The BBC and BuzzFeed News report that they have uncovered evidence of "widespread suspected match-fixing at the top level of world tennis," including at Grand Slam events including the Wimbledon championships.

Tennis Integrity Unit

In the past 10 years, 16 players who have ranked in the top 50 have been repeatedly flagged to the Tennis Integrity Unit over suspicions they have thrown matches, said the BBC.

All of the players, including winners of Grand Slam titles, were allowed to continue competing.

The documents passed to the BBC and Buzzfeed include the findings of an investigation set up in 2007 by the Association of Tennis Professionals to look into suspicious betting activity after a game involving Nikolay Davydenko and Martin Vassallo Arguello.

Both players were cleared of breaking any rules, but the investigation developed into a wider enquiry about possible match fixing.

ATP president Chris Kermode told the BBC he is aware there is match-fixing within tennis but says it is at an "incredibly small level”.

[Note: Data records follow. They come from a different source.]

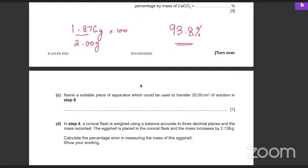Name a suitable piece of apparatus which could be used to transfer 25 cm³ of solution into a conical flask. A pipette — that's correct, it's a pipette.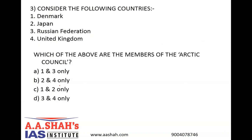Question number 3. Consider the following countries: 1. Denmark, 2. Japan, 3. Russian Federation, 4. United Kingdom. Which of the above are members of the Arctic Council? A: 1 and 3 only. B: 2 and 4 only. C: 1 and 2 only. D: 3 and 4 only.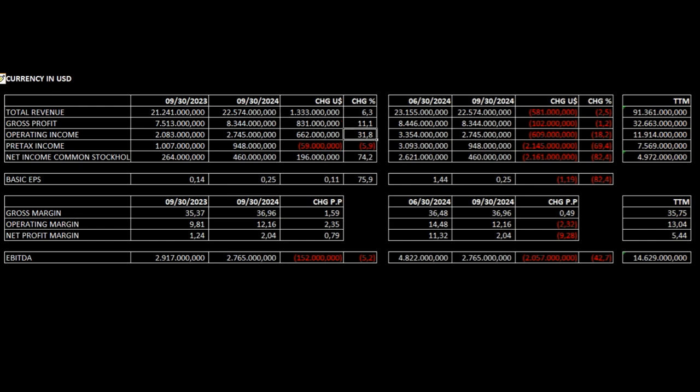Operating income is up 32%. Pre-tax income is down 5.9%. Net income to common stockholders is up 75%. Basic EPS is up 76%. Gross margin is up 1.59 percentage points.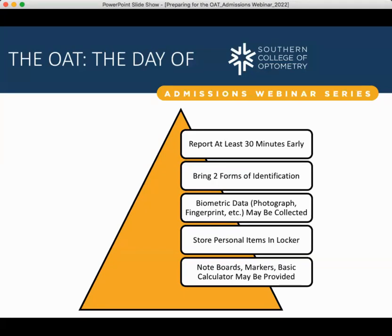Bring two forms of identification — this can be a driver's license, passport, social security card, credit or debit card, or even a library card. Ensure your name on your OAT application matches the names on your IDs exactly. If you filled out the OAT application as John Smith but your driver's license says Jonathan Smith, you will not be allowed to take the OAT because of that difference. Prometric Testing Centers are very safety-oriented and want to ensure no one is taking the exam under a false identification.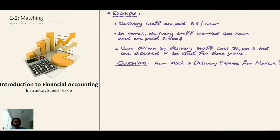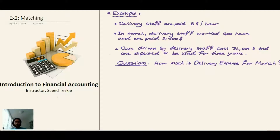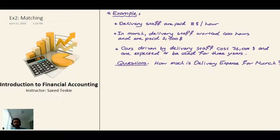In this video I'll talk about another example of accrual basis accounting and cash basis accounting. In this example we have a delivery firm. The delivery staff are paid $8 an hour, and during March the delivery staff worked 400 hours and are paid $2,500. The car driven by the delivery staff cost $36,000 and is expected to be used for three years.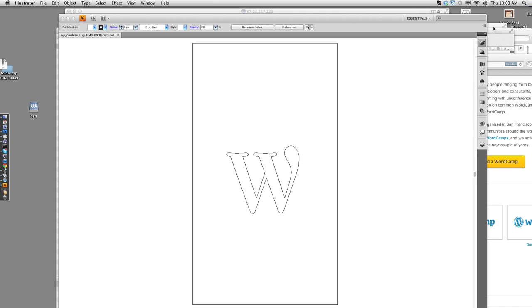Okay, so I'm going to show you how I design WordPress icons. This one is a WordCamp Tickets icon.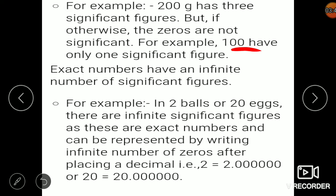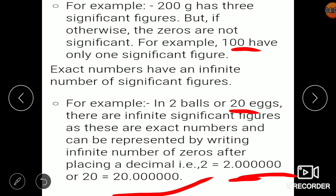Exact numbers have an infinite number of significant figures. For example, if you are given two balls, you can write it as 2.000 — with a decimal point, all zeros become significant and you may add as many zeros as you want, giving infinite significant figures. Similarly, 20 can be written as 20.000, also giving infinite significant figures.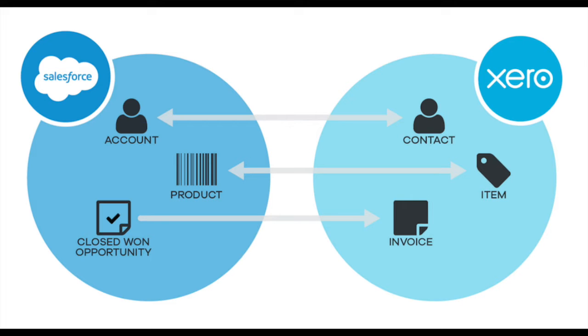This Salesforce Xero solution provides you with integration recipes for keeping Salesforce data in sync with Xero. There are five curated recipes that are part of the solution, syncing Salesforce accounts, products and closed won opportunities with Xero contacts, items and invoices.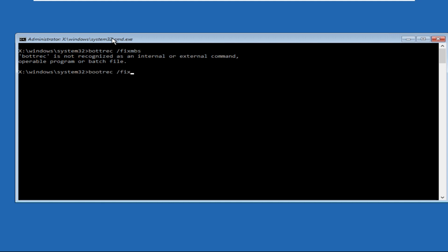The operation completed successfully. Then type in bootrec space /fixboot and hit enter.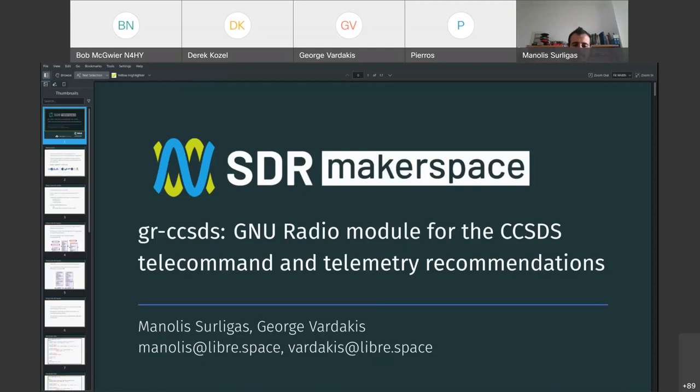If there are any other comments on gr-sopi, we can move over to gr-ccsds. Okay, so thanks everyone for your comments and feedback. Thanks, George, for the presentation and but not least.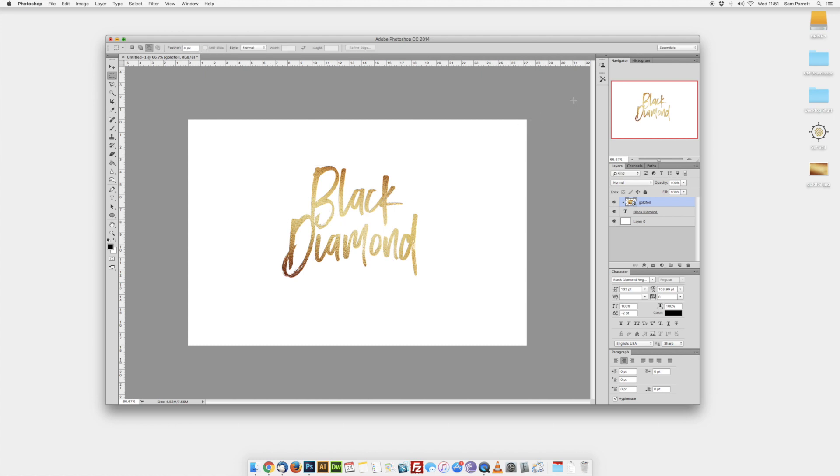Once you're happy with that, just press Enter and there you have it, some lovely gold text. Hopefully that was pretty straightforward, but if you do have any questions just let me know. You can comment below or feel free to email me, and I hope to hear from you soon!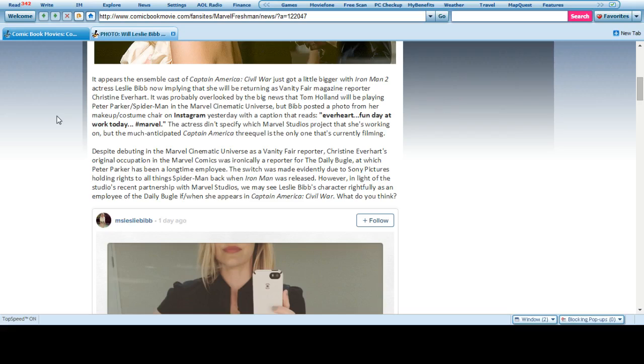It was probably overlooked by the big news that Tom Holland will be playing Peter Parker, Spider-Man, in the movie cinematic universe. But Bibb posted a photo of her makeup and costume chair on Instagram yesterday with a caption that reads: Everhart, a fun day at work today. Hashtag Marvel.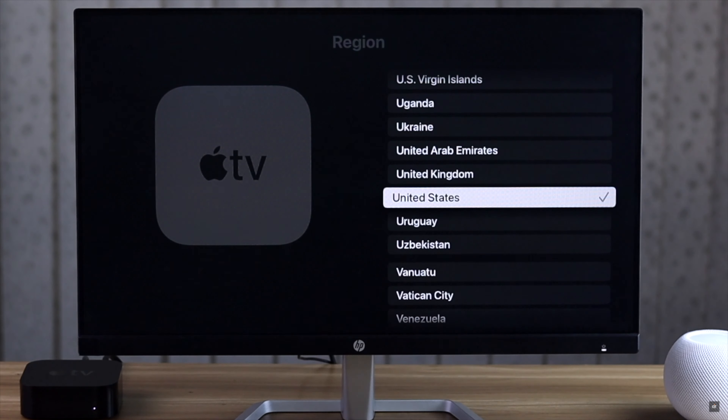If you don't want to use the language you set up your Apple TV with and want to change it, you can easily do it from the settings too. Launch Apple TV Settings, select General, scroll down and select Apple TV Language.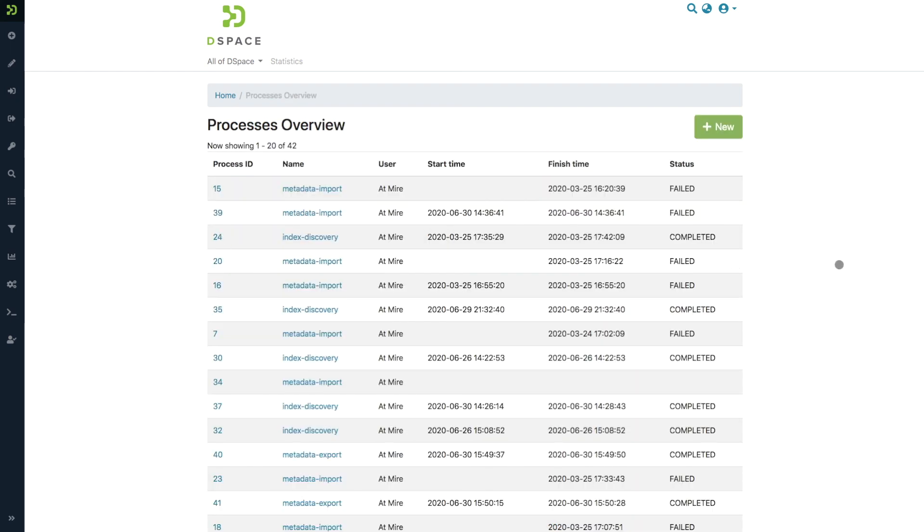This is the new processes feature, where we hope that it will improve DSpace when it comes to maintenance performance and having insight into all of these processes as a repository administrator.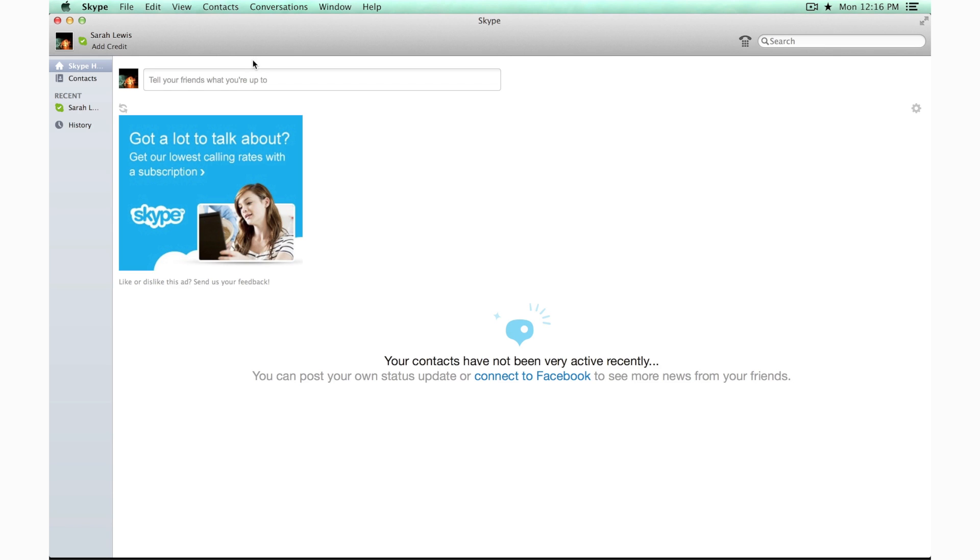You'll also need to have Skype. If you don't have Skype, you can go to Skype.com and set up an account and download it. It's pretty straightforward and they'll walk you through it.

The BBC said that the documents it obtained - received from “a group of whistleblowers within tennis" -  show the enquiry found betting syndicates in Russia, northern Italy and Sicily making hundreds of thousands of pounds betting on matches investigators thought to be fixed, including three at Wimbledon.

The corporation contacted Mark Phillips, one of the betting investigators in the 2007 enquiry, who told the BBC that they discovered repeated suspicious betting activity about a clear group.

"There was a core of about 10 players who we believed were the most common perpetrators that were at the root of the problem," he said.

"The evidence was really strong," he added. "There appeared to be a really good chance to nip it in the bud and get a strong deterrent out there to root out the main bad apples."